### Problem description:
Return every line from the one with "Sailboat and Stripes Father's Day Card" through the one with "Vista 6 de POPKIMI", inclusive, exactly as it appears below.

### Supplied records:
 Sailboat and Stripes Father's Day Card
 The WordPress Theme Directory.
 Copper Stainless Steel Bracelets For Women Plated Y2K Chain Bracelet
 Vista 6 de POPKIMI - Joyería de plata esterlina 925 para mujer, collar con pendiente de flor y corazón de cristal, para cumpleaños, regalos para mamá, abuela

==

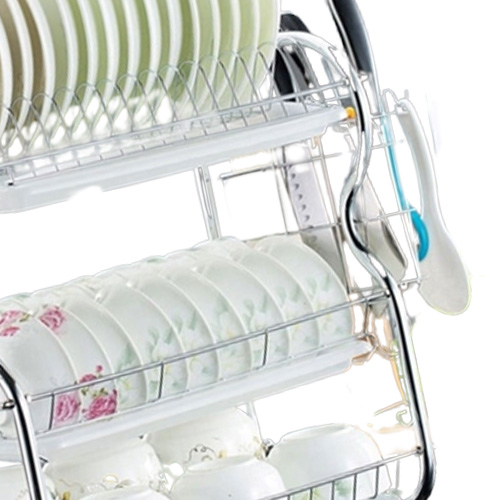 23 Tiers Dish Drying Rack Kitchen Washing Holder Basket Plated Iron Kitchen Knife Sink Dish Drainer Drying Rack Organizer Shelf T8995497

### Worked solution:
 Sailboat and Stripes Father's Day Card
 The WordPress Theme Directory.
 Copper Stainless Steel Bracelets For Women Plated Y2K Chain Bracelet
 Vista 6 de POPKIMI - Joyería de plata esterlina 925 para mujer, collar con pendiente de flor y corazón de cristal, para cumpleaños, regalos para mamá, abuela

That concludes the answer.